The problem: A complete response lists each line of the data below that includes the word "SOLO".
--- Given data Enclosed Below ---
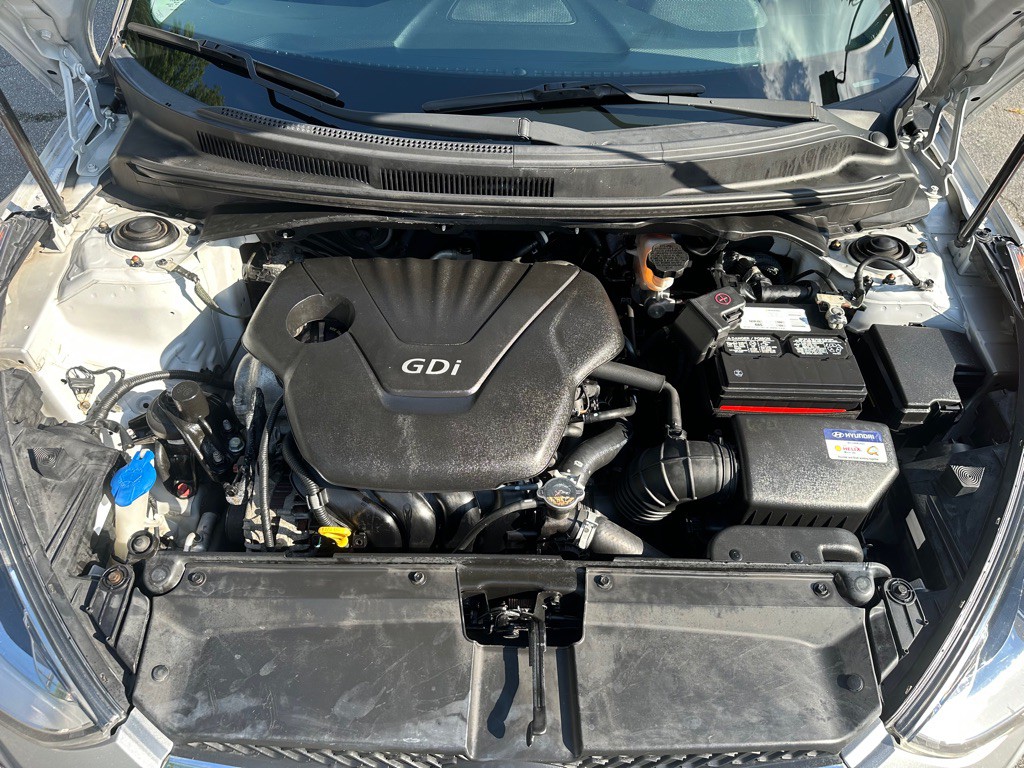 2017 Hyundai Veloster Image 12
--- End of Enclosed Given data ---
--- Given data Enclosed Below ---
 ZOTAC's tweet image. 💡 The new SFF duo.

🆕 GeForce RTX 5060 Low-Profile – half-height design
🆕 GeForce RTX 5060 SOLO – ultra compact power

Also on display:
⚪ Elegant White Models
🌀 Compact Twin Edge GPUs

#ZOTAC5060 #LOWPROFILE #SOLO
--- End of Enclosed Given data ---
--- Given data Enclosed Below ---
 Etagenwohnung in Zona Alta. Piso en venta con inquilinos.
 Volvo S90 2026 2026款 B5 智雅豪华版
--- End of Enclosed Given data ---
Finished task:
🆕 GeForce RTX 5060 SOLO – ultra compact power
#ZOTAC5060 #LOWPROFILE #SOLO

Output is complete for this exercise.